Rating: BBFC-18 Running Time: 90 mins

Julian Thompson (Ryan Gosling) lives in Thailand with his brother Billy (Tom Burke) where the two of them run a boxing club, a front for a drug smuggling operation. When Billy kills an underage prostitute, the Thai police are called in, and Lieutenant Chang (Vithaya Pansringarm) allows Choi (Kovit Wattanakul), the father of the girl, time with Billy to do “whatever he wants”, ultimately with him killing Billy.

To punish Choi for prostituting his daughter to Billy in the first place and for the act of killing him, Chang cuts off Choi’s hand, and allows him to go free with the matter resolved. Julian then corners Choi seeking retribution for Billy’s death, but changes his mind when he learns why the man killed Billy, and instead decides to let him live. When Julian’s mother Crystal (Kristin Scott Thomas) arrives in Thailand to recover Billy’s body, she learns of Julian’s decision, and enraged, orders one of Julian’s men to kill Choi, an act which gains the interest of Chang, who is determined to follow the leads back to the source of the order and bring the culprit to justice.

The movie is a tour de force of hyper-styled movie making, much like Nicolas Wynding Refn’s previous movie Drive, but whereas that movie knew how far to push the limits of style in a scene, here those limits are tested continuously throughout, unfortunately to a detrimental effect.

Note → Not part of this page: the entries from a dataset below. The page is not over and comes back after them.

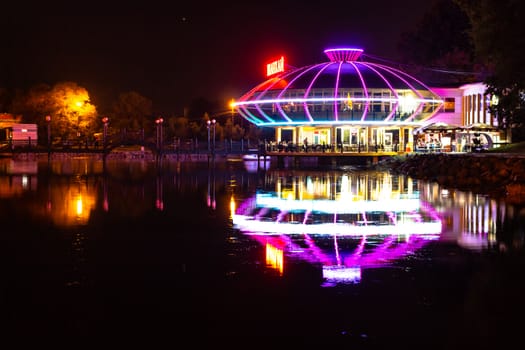 Night city landscape. City ponds Khabarovsk in the light of lanterns, which are reflected in the water.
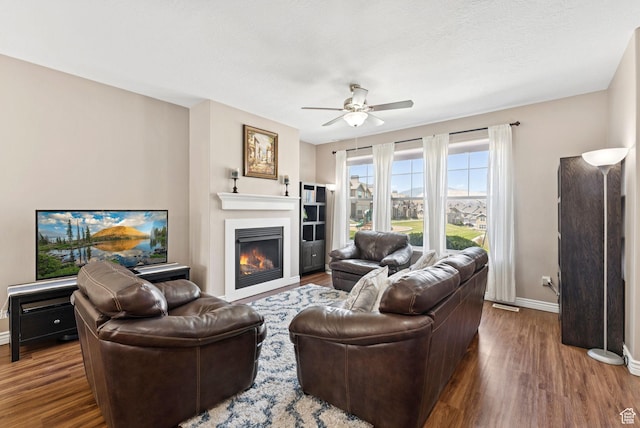 14616 S Auroral Way, Herriman, UT 84096 - living area with wood finished floors, ceiling fan, and a glass covered fireplace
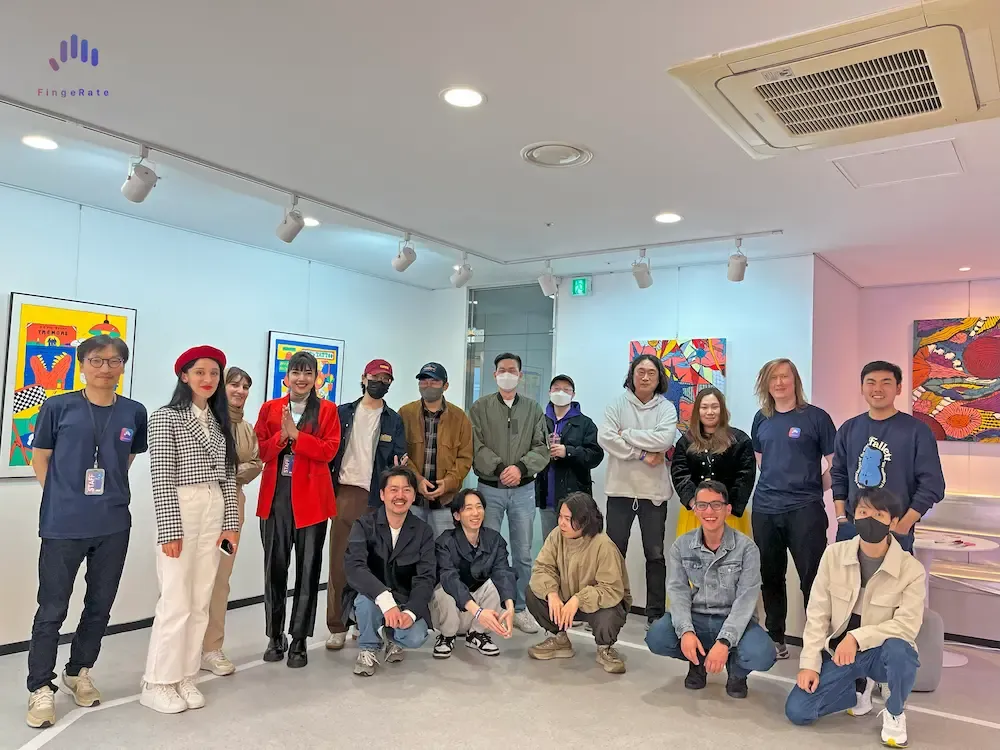 Group photo of FingeRate X exhibition visitors and staff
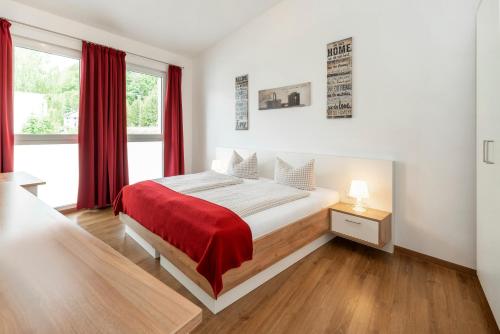 a bedroom with a bed with a red blanket on it at Pension Gschaider in Payerbach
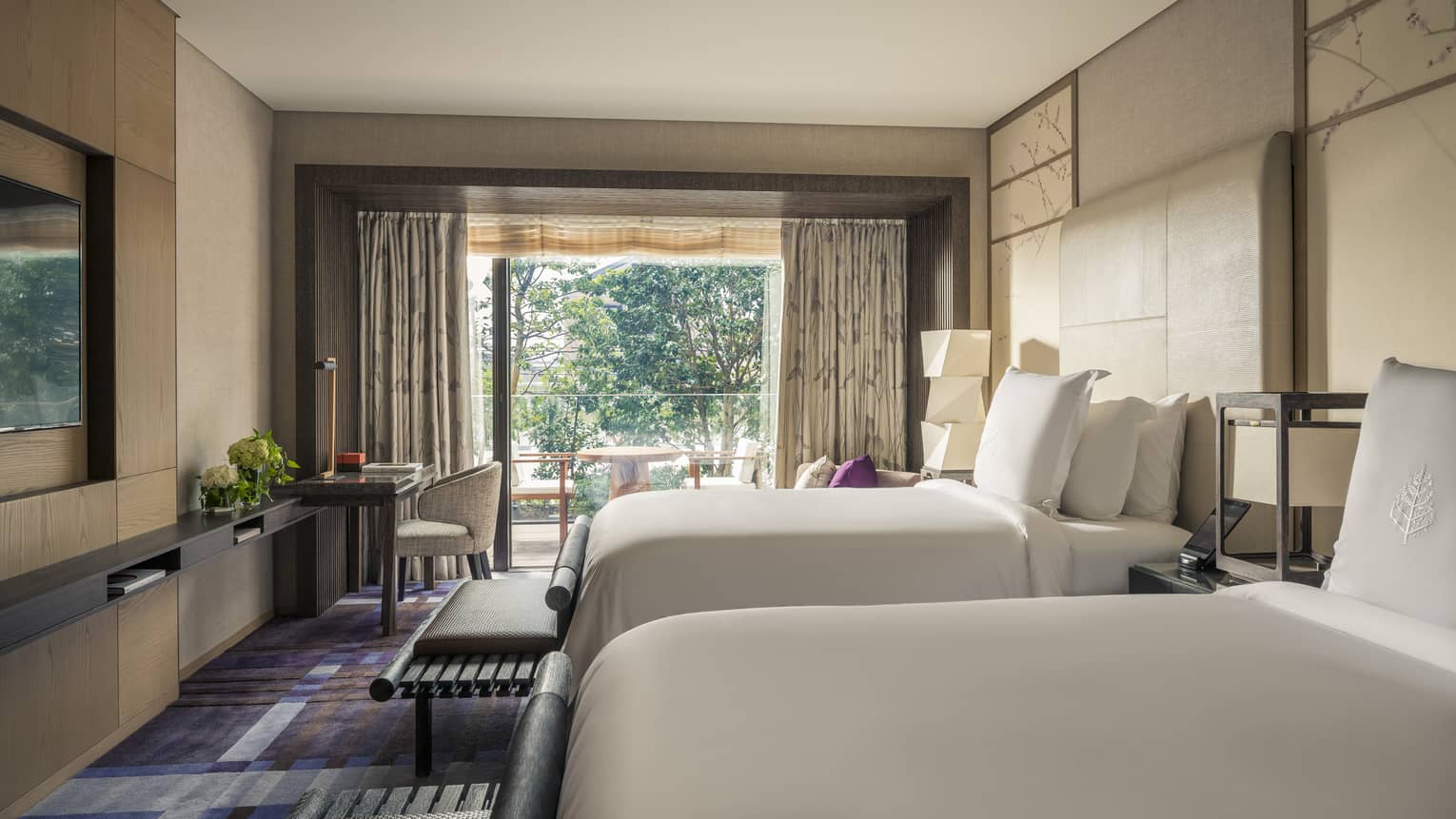 Hotel room with two beds, a work desk and a private balcony with outdoor seating and garden view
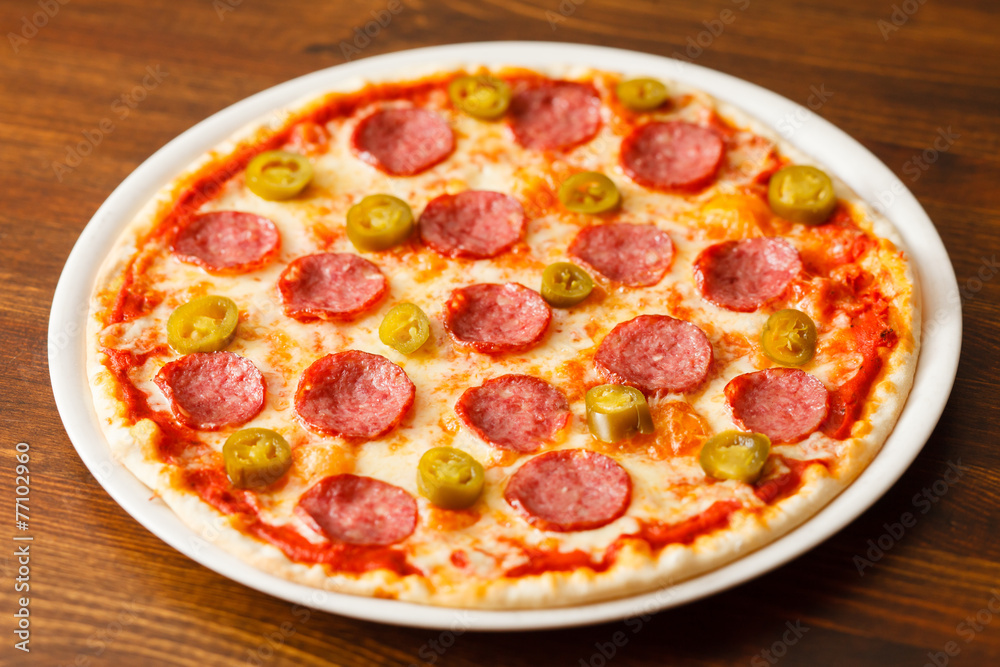 pizza on wood background pizza on wood background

Entire sequences are set in nightclub-type locations where the neon lighting is the only source of light, scenes set in a high-rise hotel room and on the balcony are oddly vacant of any grand scale that you would expect, and entire scenes are played out with characters taking their time to do something as simple as walk along a corridor that should only be a precursor to the scene, instead of taking up the entirety of the scene.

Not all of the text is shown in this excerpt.